世界遺産紹介 (15) アウシュヴィッツ・ビルケナウ:ナチス・ドイツの強制絶滅収容所
世界遺産は1,000件を越え、『顕著な普遍的な価値』があると認められた人類共通の遺産です。
その中から、自分が訪れた遺産をご紹介します。
今回はアウシュヴィッツ・ビルケナウ:ナチス・ドイツの強制絶滅収容所です。
公式な分類ではありませんが『負の遺産』の最たるもので、まさに今後の人類への教訓として残されるべきものだと思います。
【目次】
1. 遺産の概要
2. 遺産までの行き方
3. ギャラリー
1. 遺産の概要
遺産名 :Auschwitz Birkenau German Nazi Concentration and Extermination Camp (1940-1945)(アウシュヴィッツ・ビルケナウ:ナチス・ドイツの強制絶滅収容所)
登録年 :1979年
保有国 :ポーランド
遺産区分:文化遺産
登録基準:(ⅵ)歴史上重要な出来事や思想等に関連するもの
2. 遺産までの行き方
まずはポーランドの首都ワルシャワに行きます。
2019年2月時点では成田発のみLOTポーランド航空の直行便が出ていますが、その他の空港からでも欧州の主要都市や中東での乗換えで不便なく行けます。
ワルシャワからは電車で古都クラクフに向かいます。
ワルシャワのCENTRALNA駅からクラクフのGLOWNY駅まで2時間半ほどの行程です。

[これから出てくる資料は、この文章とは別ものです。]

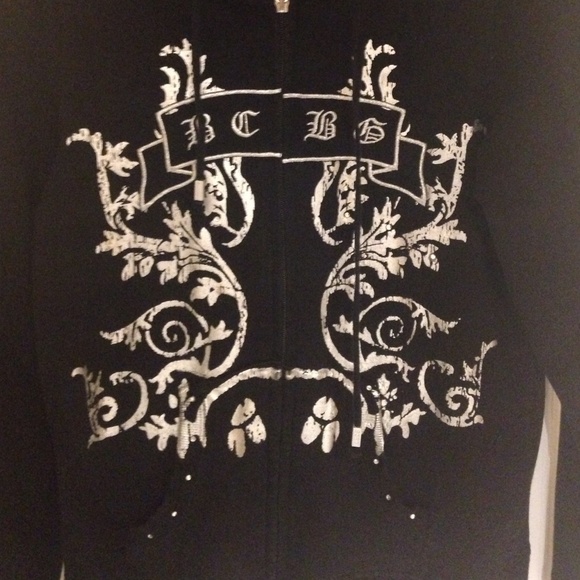 BCBG Size M zip up hoodie! Has silver details - Picture 2 of 4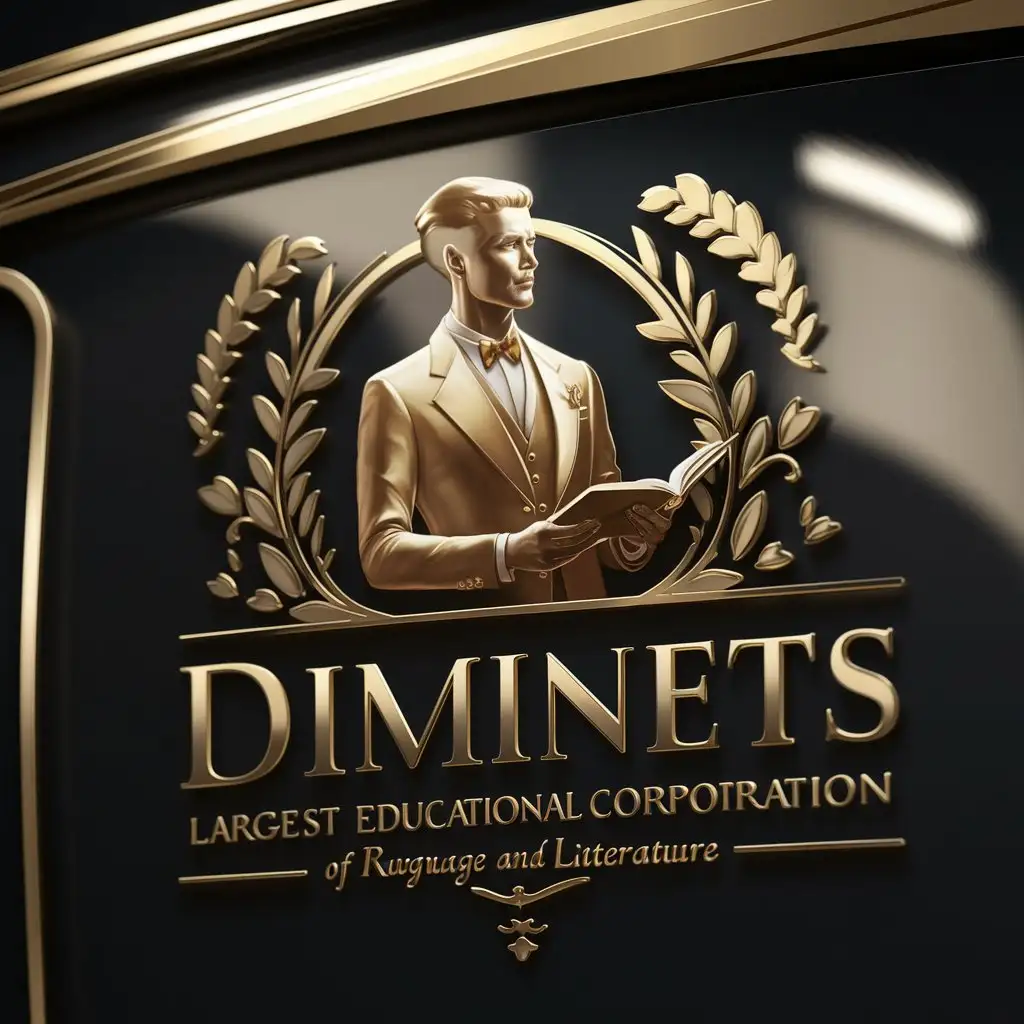 DIMINETS-Educational-Corporation-Logo-Featuring-Russian-Language-Teacher-and-Literary-Aesthetics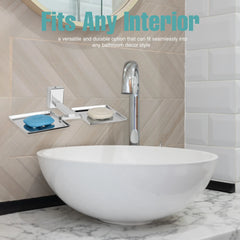 Rectangular Shape Stainless Steel SS304 Double Soap Holder (Silver)-by GLOXY®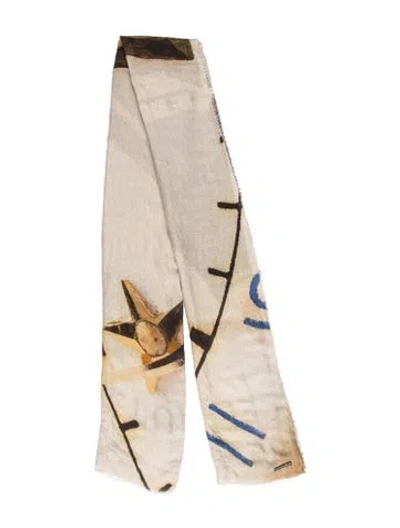 Pre-owned Faliero Sarti Printed Scarf In Neutral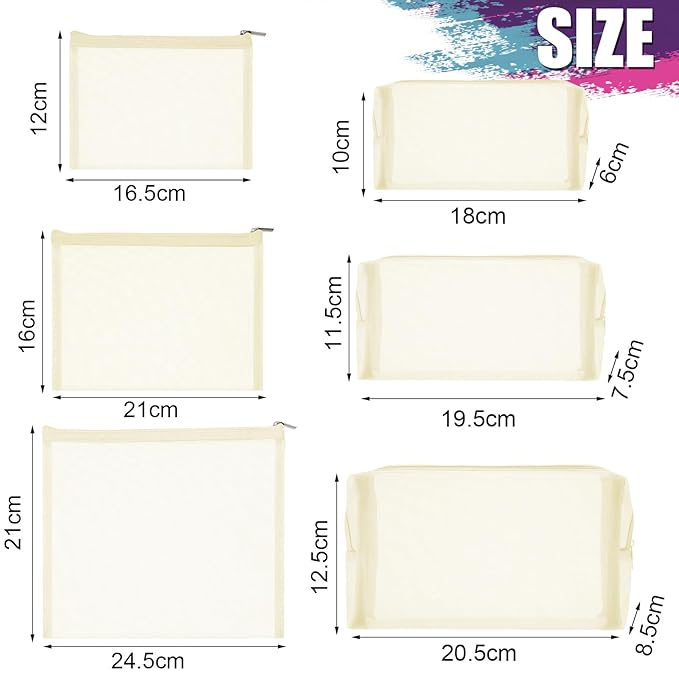 Boao 6 Pieces Mesh Makeup Bags Mesh Cosmetic Bag Portable Travel Organizing Zipper Pouch Toiletries Makeup Pouches for Home Office Travel Accessories (Beige)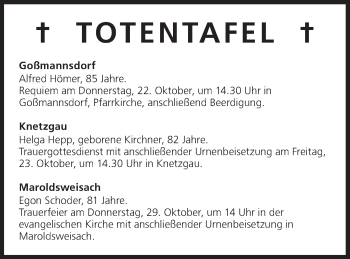 Anzeige von Totentafel vom 22.10.2015 von MGO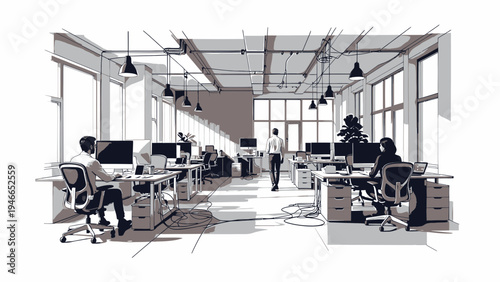 Modern Office Interior Sketch with People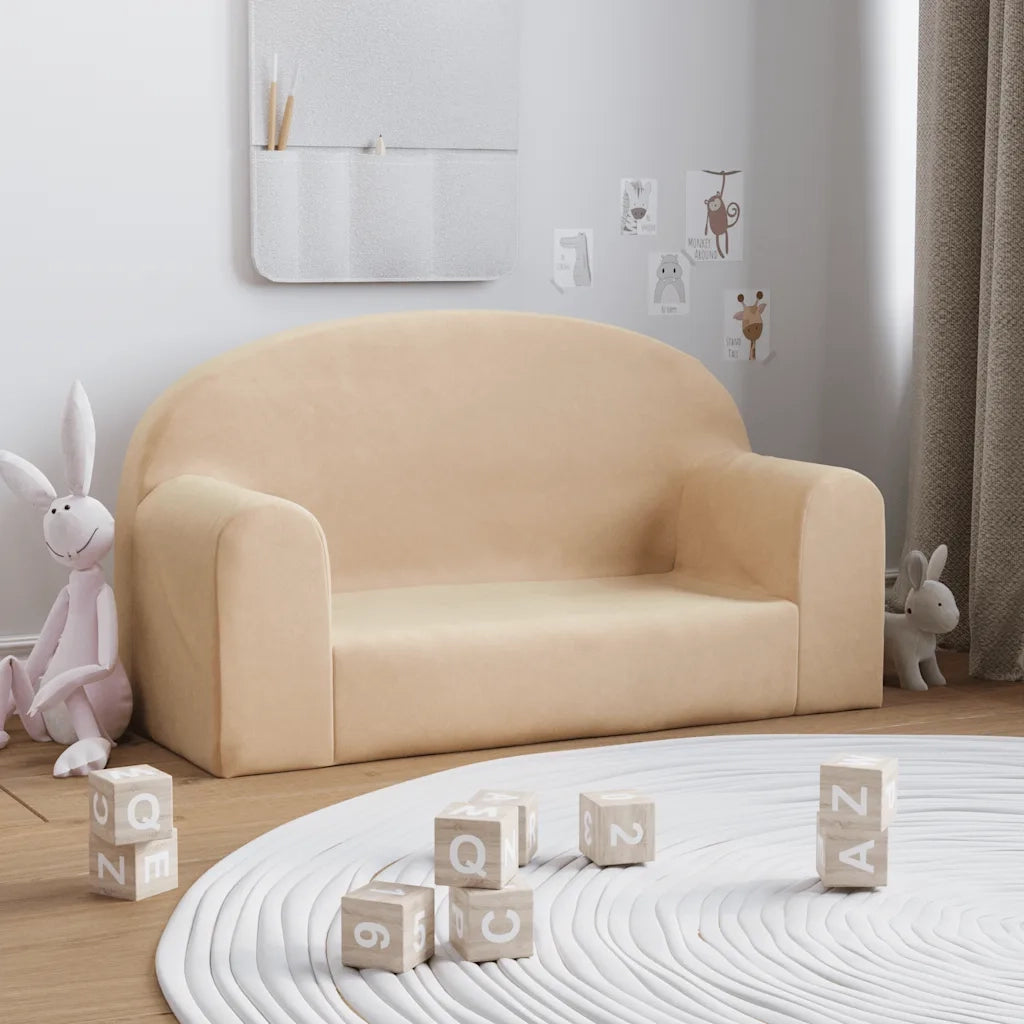 Divano per Bambini a 2 Posti Crema in Morbido Peluche 357013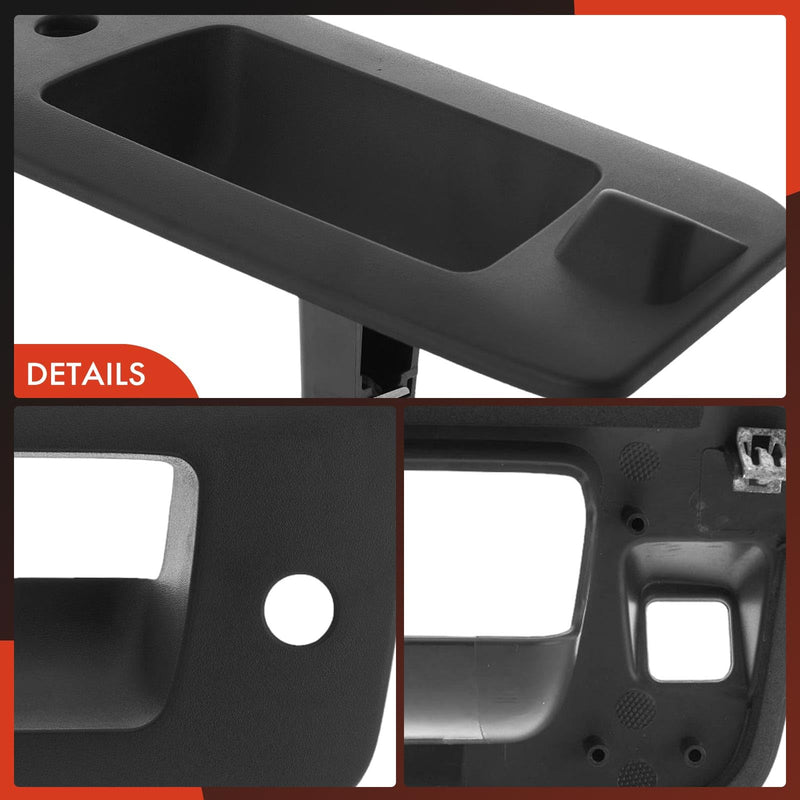A-Premium Tailgate Handle Bezel with Camera Hole & Keyhole Compatible with Chevy Silverado 1500 2009-2013, Silverado 2500 HD 3500 HD & GMC Sierra 1500 2500 HD 3500 HD, Textured Black
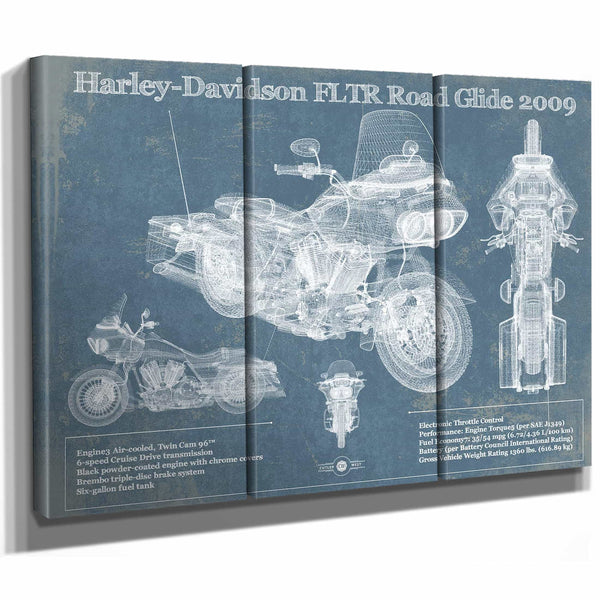 Harley-Davidson FLTR Road Glide 2009 Blueprint Motorcycle Patent Print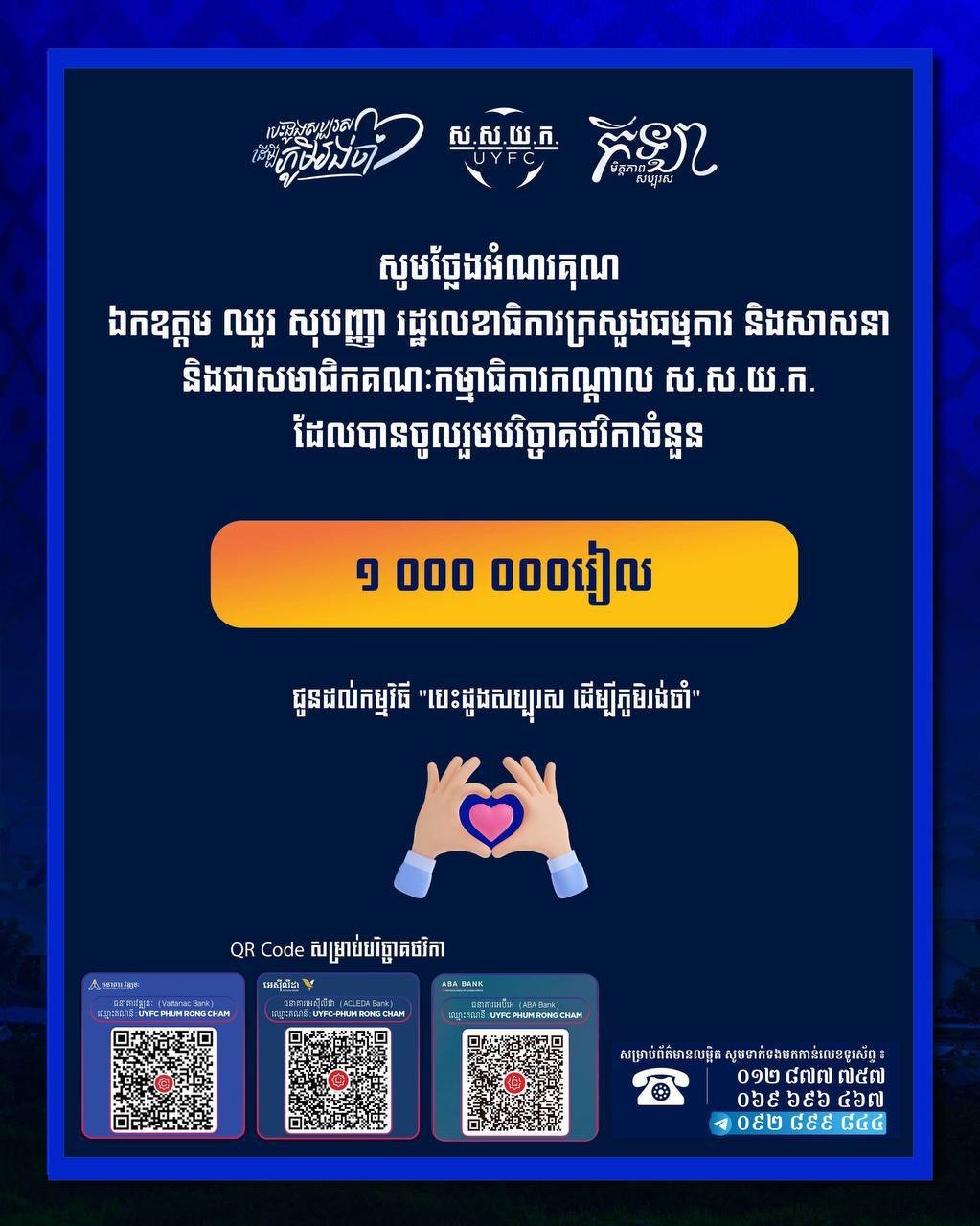 柬埔寨青年联合会开展慈善活动 助力社区扶贫
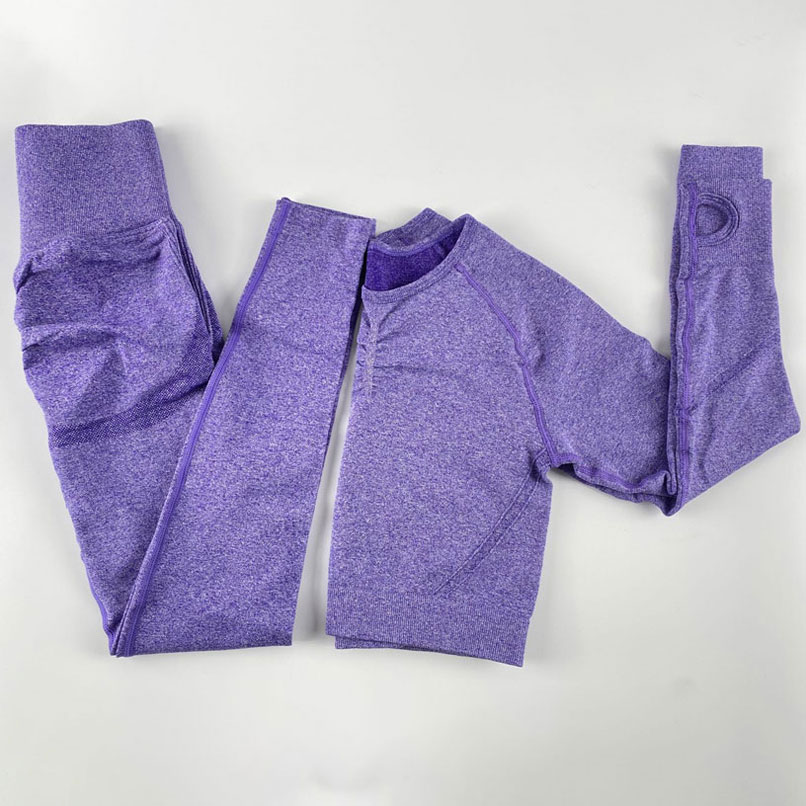 

Women's Seamless Yoga Set Outfit Sports Suits High Waist GYM Fitness Running Pants Top Sportswear Women Leggings+Long Sleeve Fitnesswear, C13(lightred pants)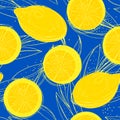 Bright tropical pattern with lemons. Vector bright print for food, garden, kitchen.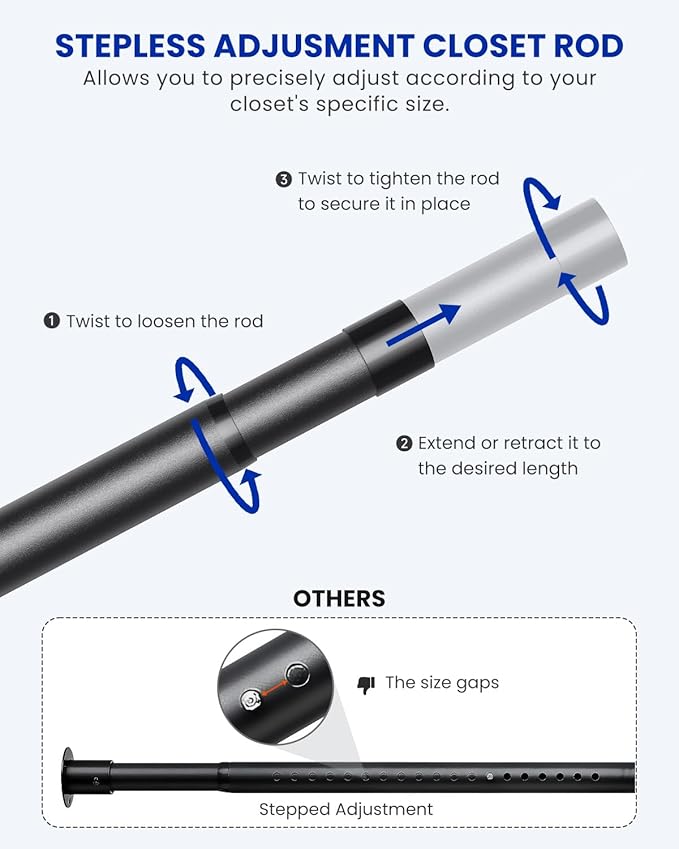 Supforce Closet Rods for Hanging Clothes, 17 to 39 Inches Stepless Adjustable Metal Closet Rod, 1.3 Inches Heavy Duty Clothes Hanging Rod for Closet Wardrobes Laundry RV, Black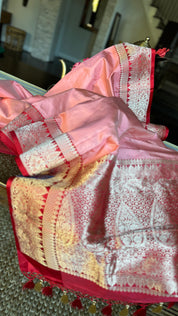 Pure Silk Katan Banarasi- Peach Red Kadhua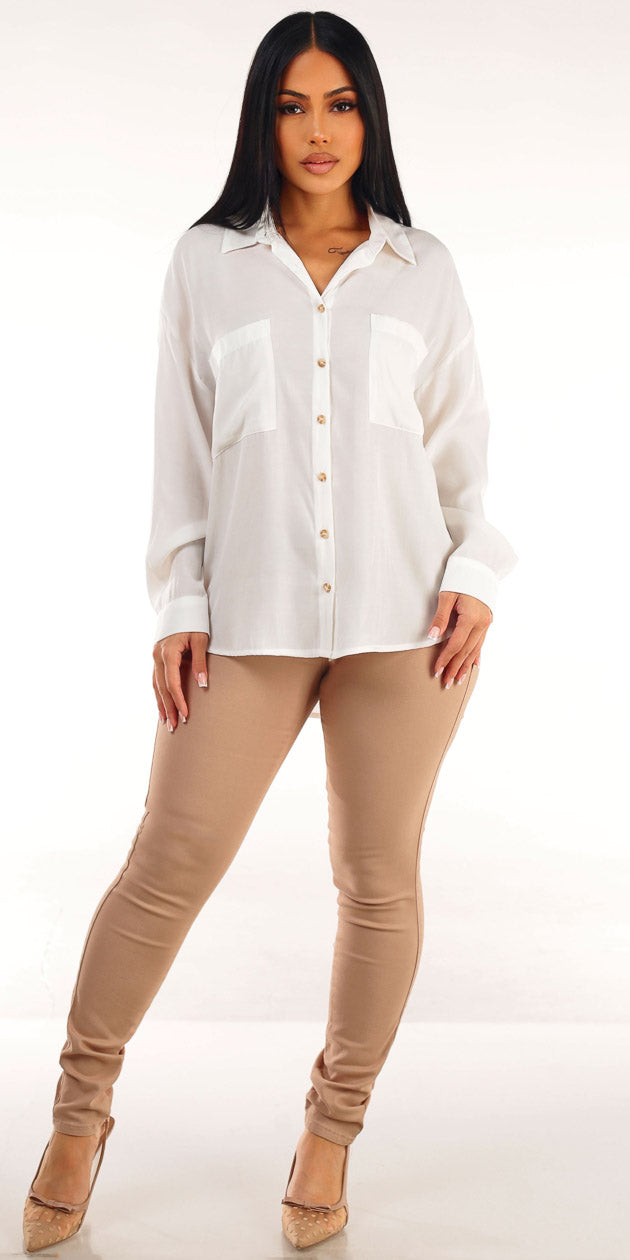 White Butt Lift Skinnies Look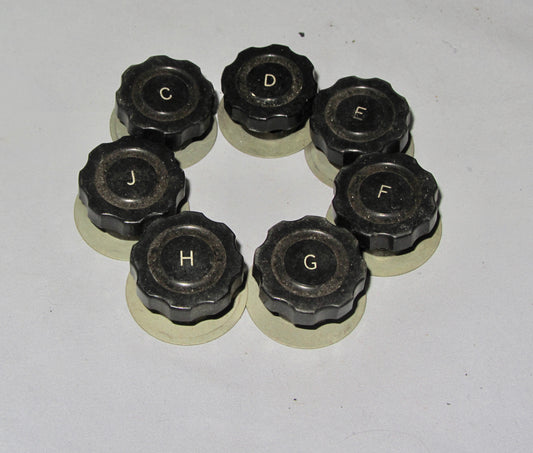 MARCONI KNOBS, BLACK, LETTERED,  C - J, 30mm SKIRT, 6MM SHAFT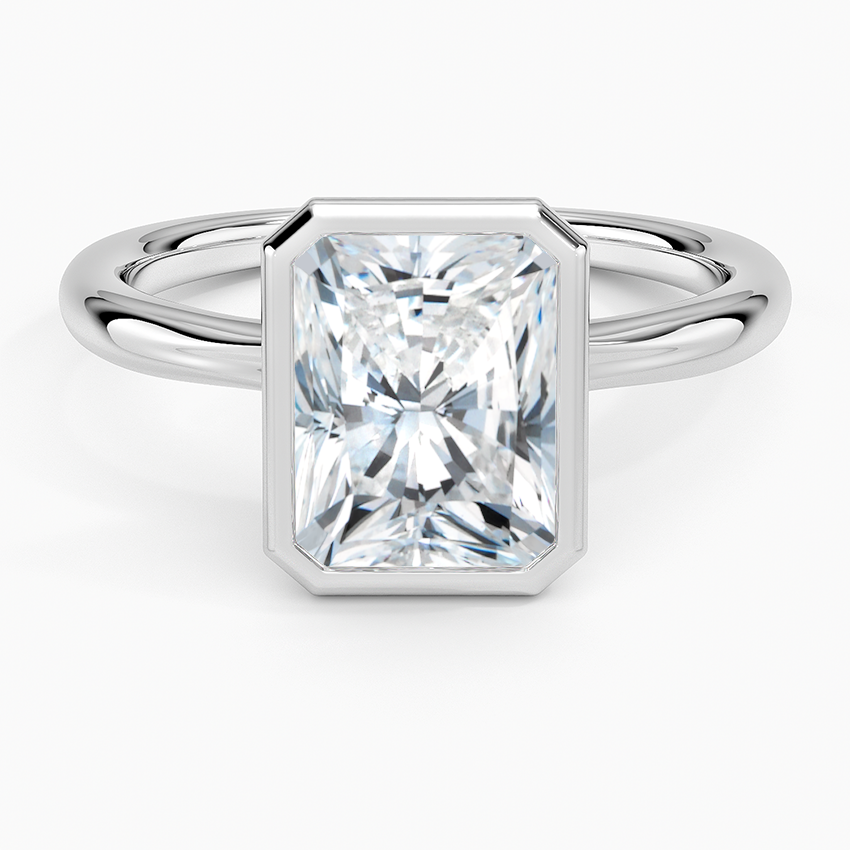 Freesia Bezel Solitaire Ring - Radiant Cut Center Stone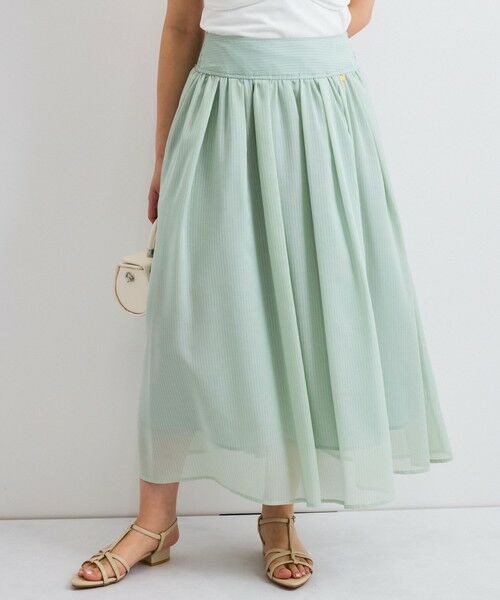 QUEENS COURT / クイーンズコート ミニ・ひざ丈スカート | シアーストライプスカート≪セットアップ対応/手洗い可能≫ | 詳細10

ワルシャワからクラクフまでは国内線でも移動可能です。
但し、正味のフライト時間以外のロスを考えると電車がお勧めです。
クラクフのGLOWNY駅からオシフィエンチムのOSWIECIM駅まで鉄道で行きます。
OSWIECIM駅からは徒歩20分強でアウシュヴィッツの強制収容所に着きます。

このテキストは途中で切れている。